There are errors in the BMC interface like this: Memory(DIMM020) Configuration error.
And the problem still exist after exchange the DIMM020 with DIMM120, and exchange the CPU1 and CPU2.
The error Memory(DIMM020) Configuration error is still reported.
So engineer think the main board is faulted and apply the spare part to replaced it. But the same error still report even after replaced the main board.
Memory(DIMM600) Configuration error
Simulate the problem in the lab, install 1 fault memory in DIMM600 but install 1 good memory in DIMM601. The error will be Memory(DIMM600) Configuration error.
If we install 1 good memory in DIMM600 but install 1 fault memory in DIMM601, the system shows the same error Memory(DIMM600) Configuration error.
This is the log when only install the fault memory in DIMM600:
This is the log when install the good memory in DIMM600 but fault memory in DIMM601:
For all these three scenarios, the warning code is the same.
And below is the analyze result from memory manufacture company:
The memory manufacture company foud the problem is caused by VrefCA short-circuit，and the short-circuit is caused by capacitor fault.
But the VrefCA is connected in the same channel. The BOIS will report the first memory fault when the VrefCA short-circuit happen.
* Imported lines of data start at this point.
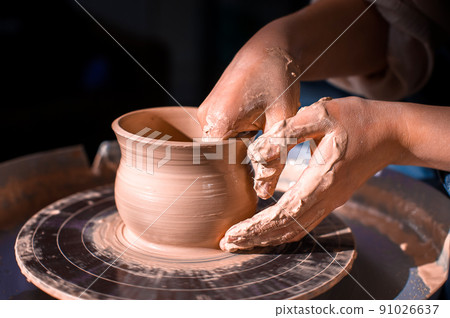 Craftsman's hands and potter's wheel. Close-up. Craftsman's hands and potter's wheel. Close-up. 91026637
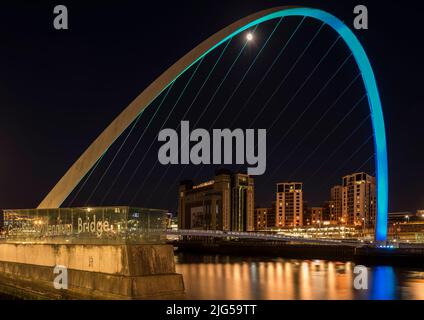 Die Gateshead Millennium Bridge wurde nachts mit einem Flutlicht beleuchtet, das Baltic Arts Center und andere Gebäude mit Flutlicht im Hintergrund und Vollmond, der durch den Bogen leuchtet. Stockfoto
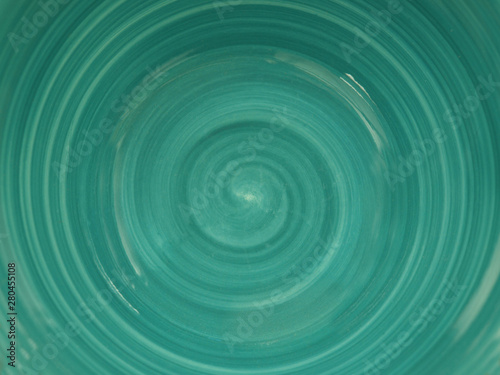  the bottom of the plate is turquoise in color with a swirl pattern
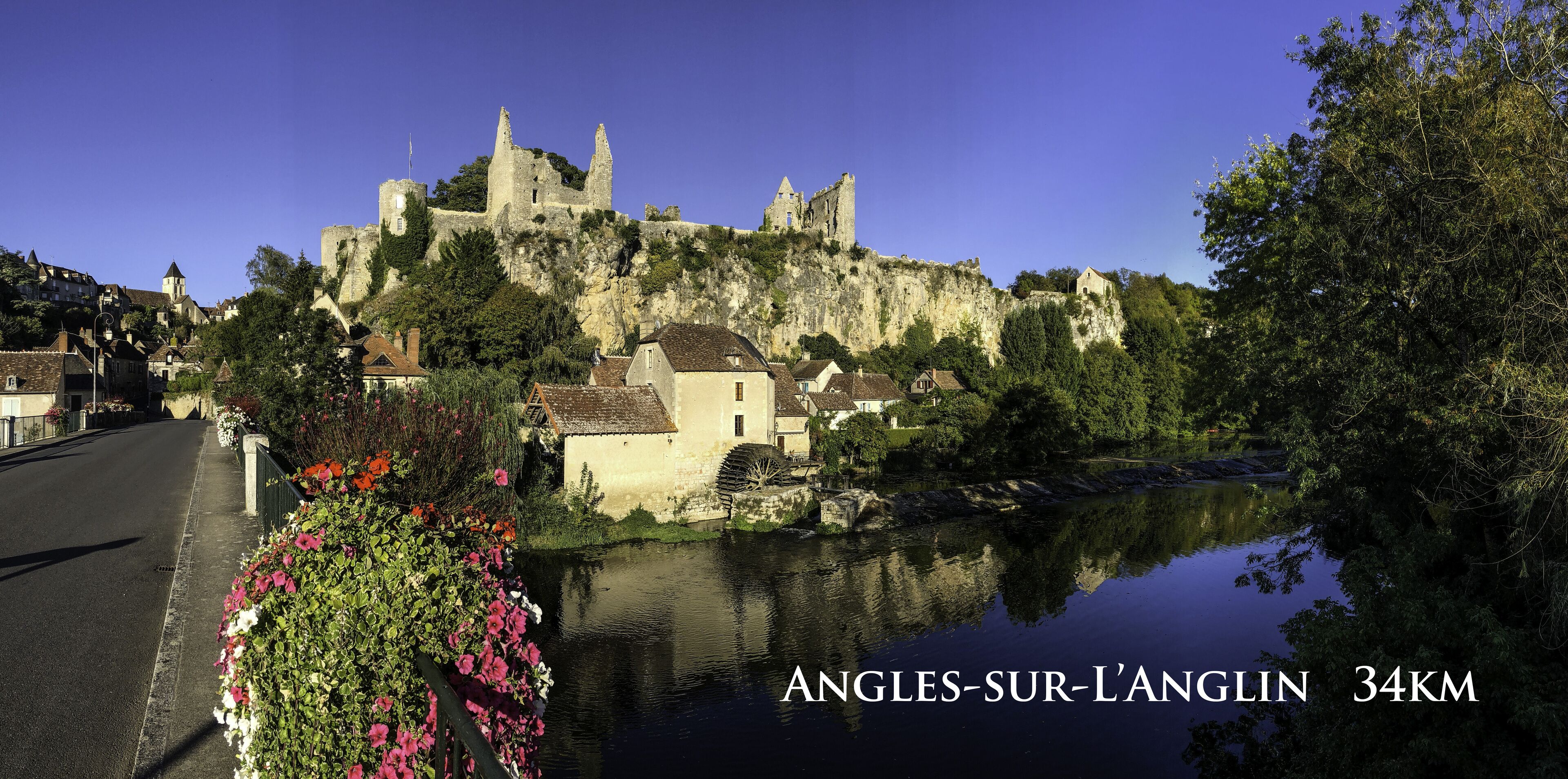 A historic castle on a hill overlooking a town with a river in the foreground.
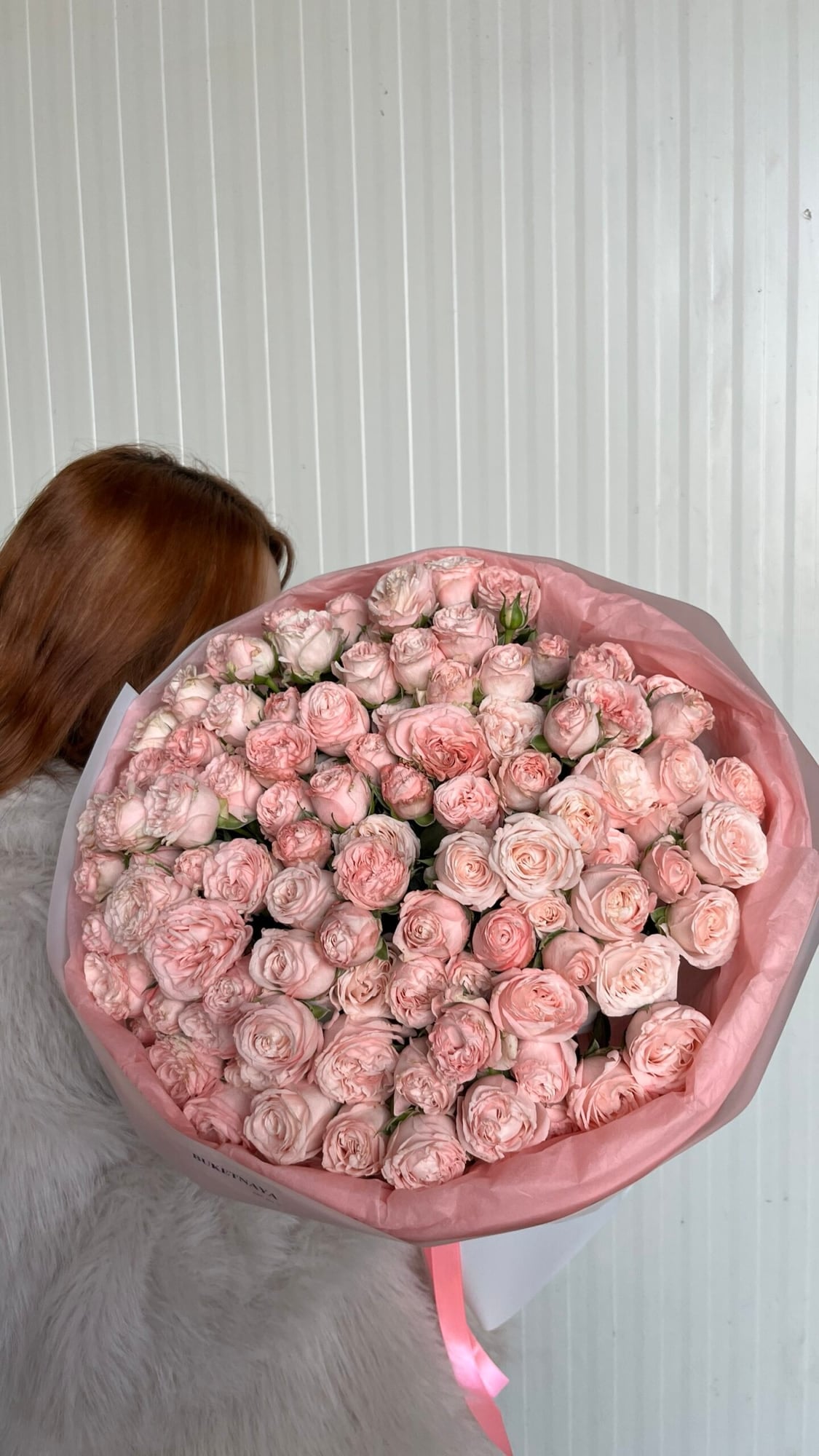 Bombastic Roses: A dense, round bouquet of pink Bombastic spray roses.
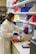 A person wearing a white lab coat and blue gloves is working in a laboratory setting surrounded by various lab equipment. Brightly colored storage boxes in red, yellow, blue, and purple are stacked on shelves. The individual is handling test tubes and operating a piece of laboratory machinery.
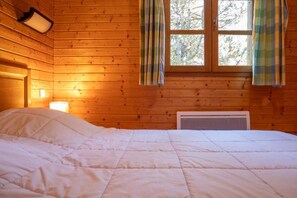 Una habitación de cabaña de madera con una cama, una ventana con cortinas y un calentador fijado a la pared.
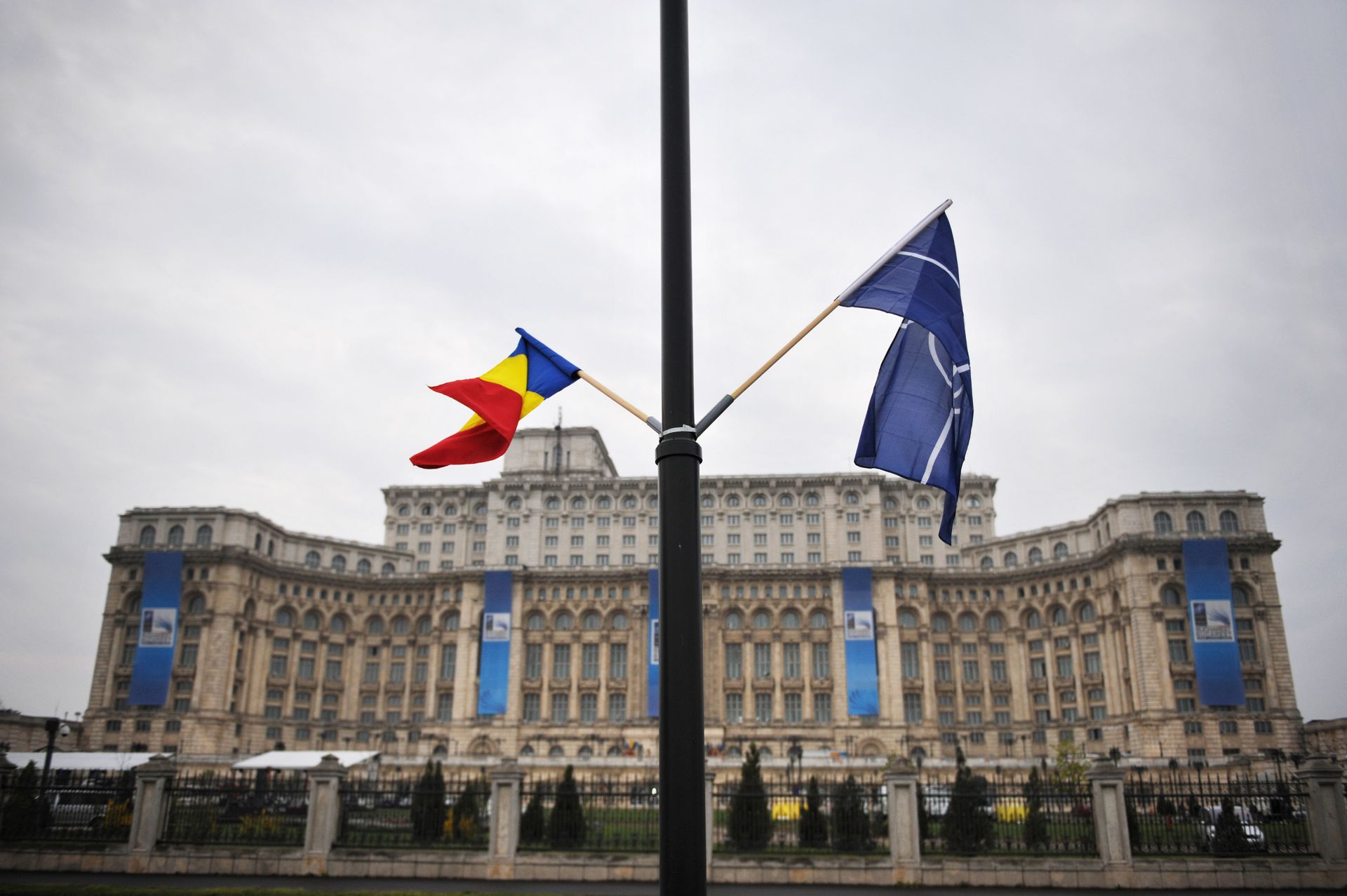 File photo of the Romanian and the NATO flag flutter in the wind in front of the Parliament Palace, the second largest building in the world after the Pentagon, in Bucharest on April 1, 2008 on the eve of the start of the NATO summit taking place form April 2 to 4 File photo of the Romanian and the NATO flag flutter in the wind in front of the Parliament Palace, the second largest building in the world after the Pentagon, in Bucharest on April 1, 2008 on the eve of the start of the NATO summit taking place form April 2 to 4 - Sputnik International, 1920, 21.08.2022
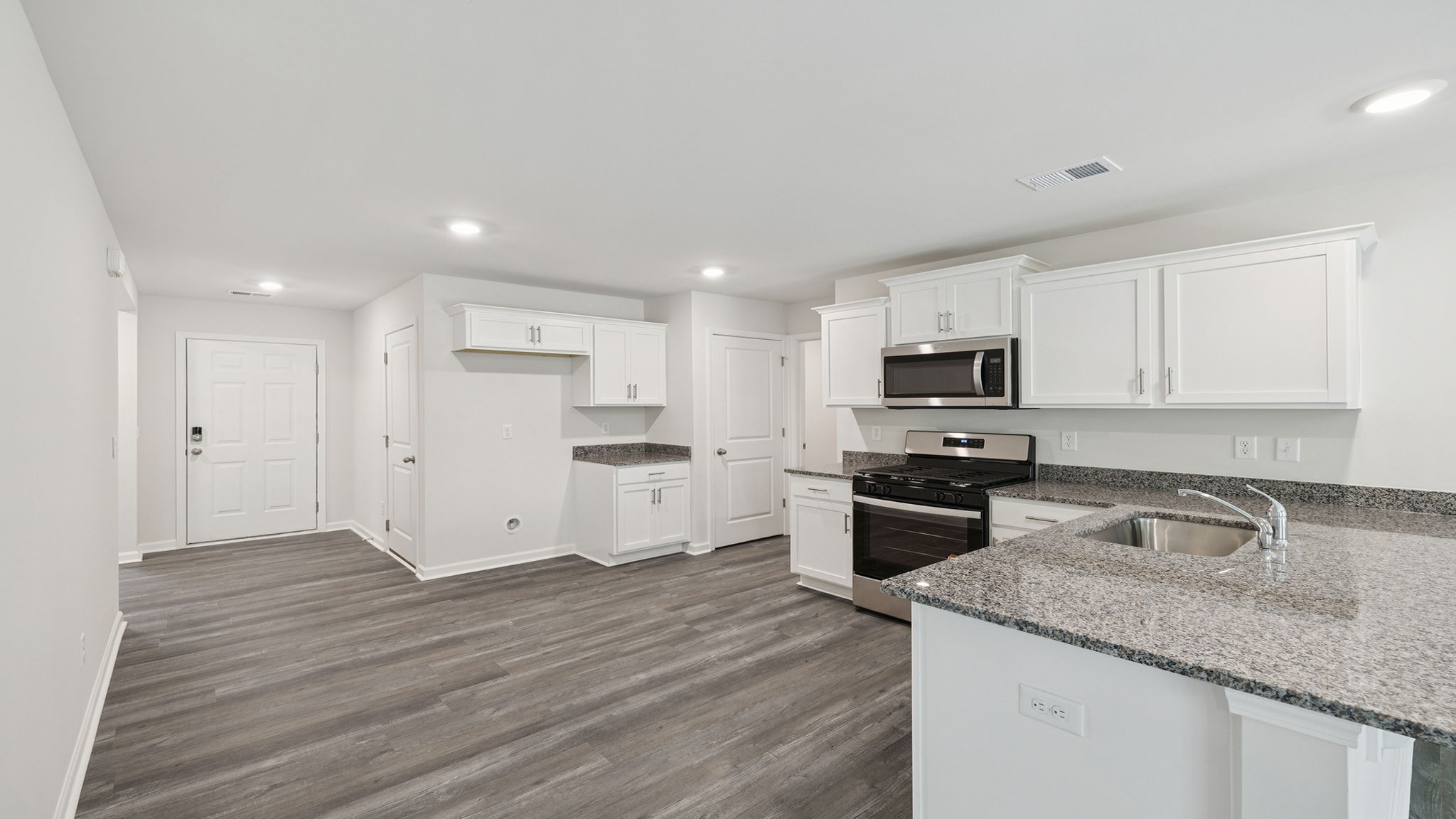View of kitchen and hallway to entrance.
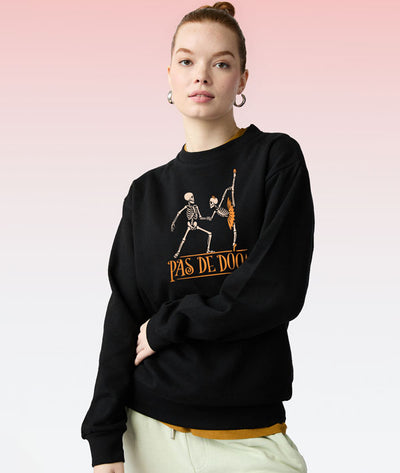 Dancer wearing a black Covet Dance sweatshirt with a ballet skeleton couple doing a Pas de Deux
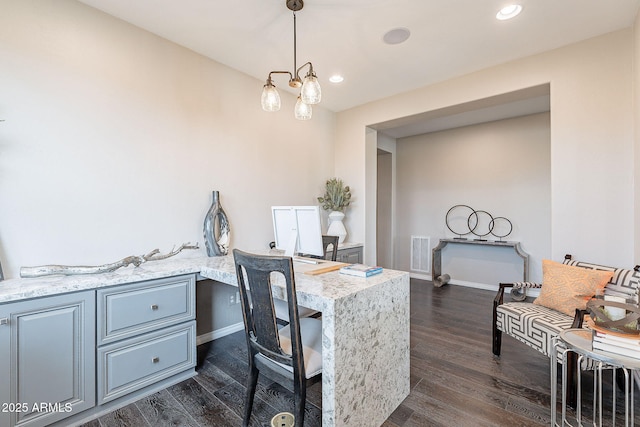 dining room with visible vents, dark wood-style flooring, and baseboards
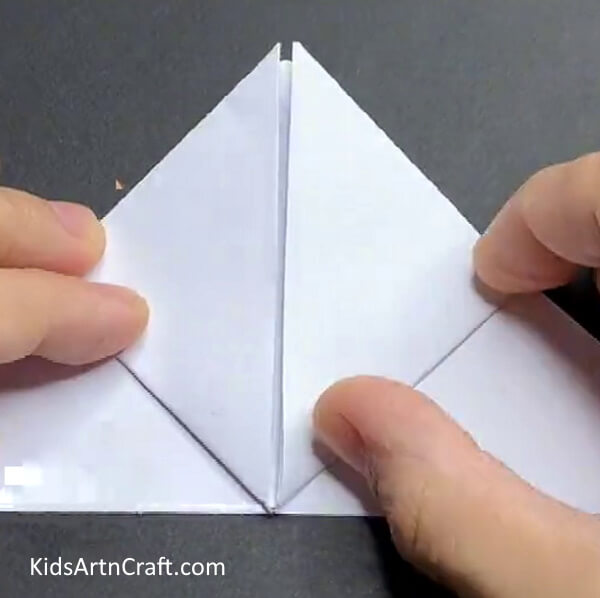 Folding Triangle Edges Upwards Educating Kids To Construct A Paper Rabbit 
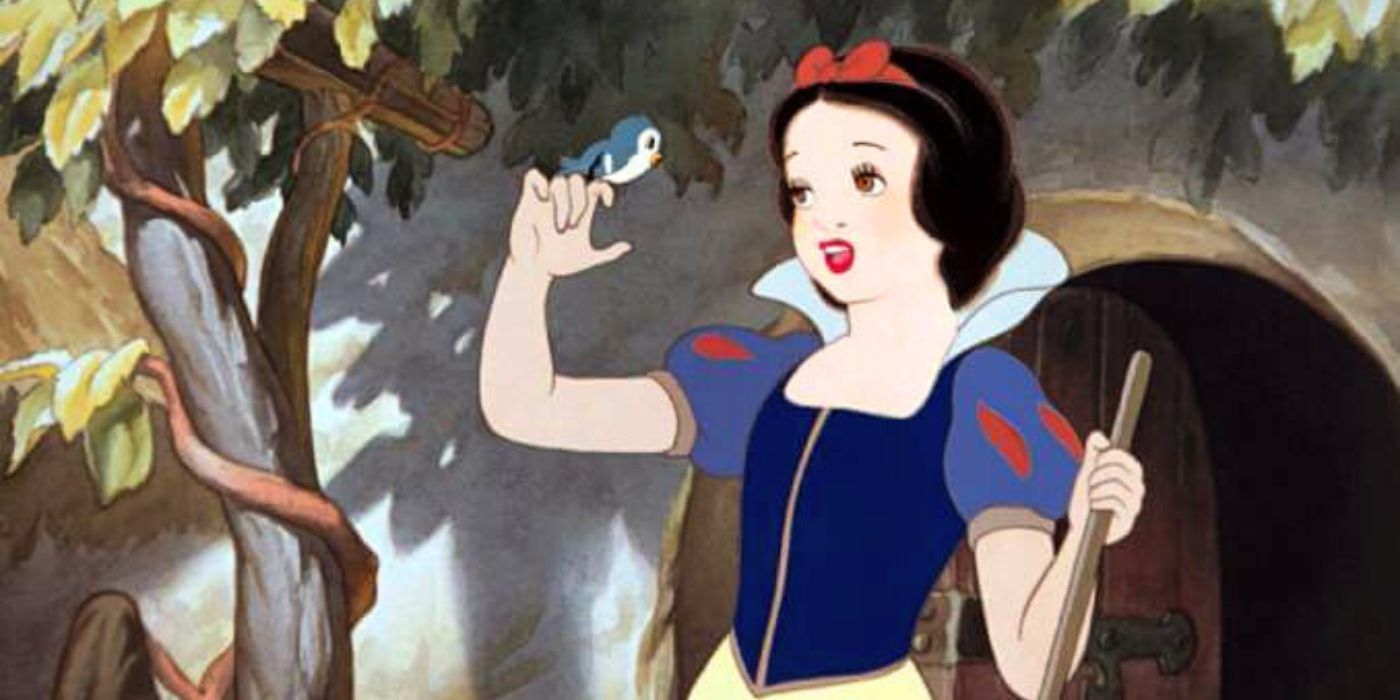 Snow White singing to a bird on her finger in Snow White and the Seven Dwarfs_1937 movie
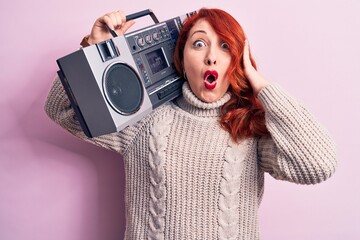 Sticker - Beautiful redhead woman listening to music holding vintage boombox over pink background scared and amazed with open mouth for surprise, disbelief face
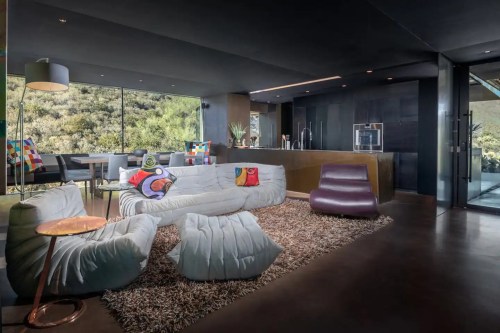 Modern living room with a plush sofa, colorful cushions, a sleek kitchen, and large windows overlooking greenery.
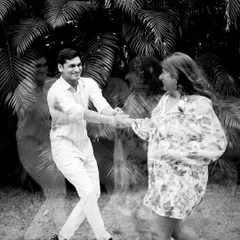 An artistic motion blur shot in black and white. This technique captures the energy and movement of the couple dancing, creating a dynamic and expressive portrait.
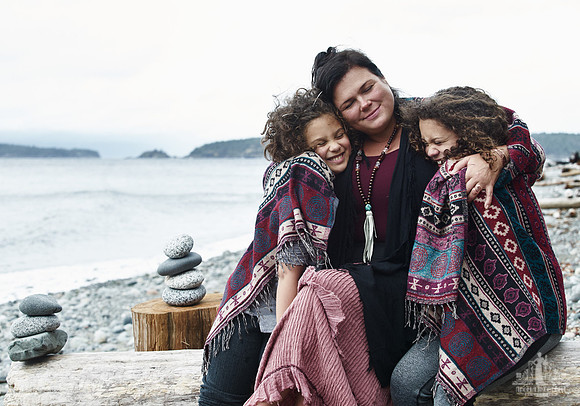 A mother and her daughters hug during portraits on a beach  at a mother and daughter workshop by Vancouver workshop and retreat photographer Angela McConnell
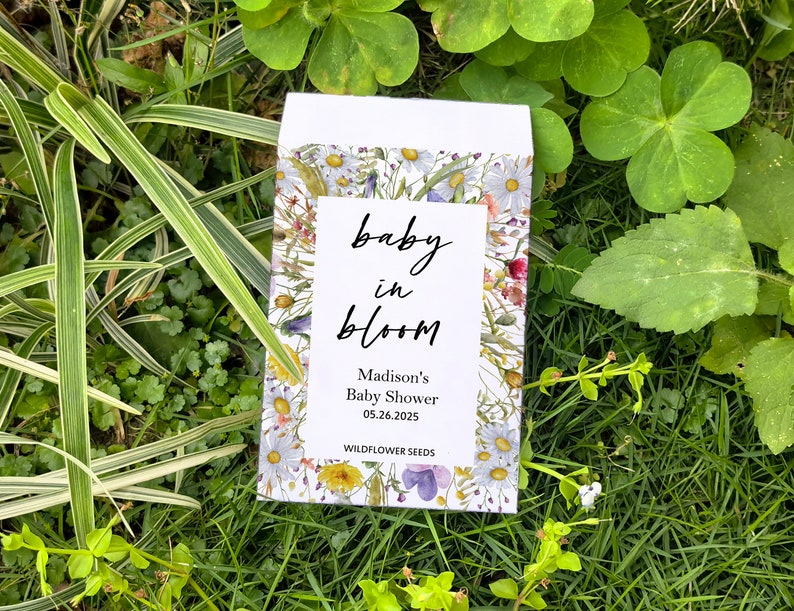 May include: A white seed packet with a floral design and the words "baby in bloom." The packet is surrounded by green grass and foliage. The text "Madison's Baby Shower 05.26.2025 WILDFLOWER SEEDS" is also visible.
DIMM020/021 and DIMM120/121 are belong to the same channel, exchange each other to verify which one is the real fault memory.
And found the DIMM021 is fault and the error disappear after replaced the DIMM021.
Because the data/control/address/power lines are all connected in one multiplying channel, it may lead to the whole channel isolated by one single error.
So you should considering the whole channel when you are handling the Memory Configuration Error issues.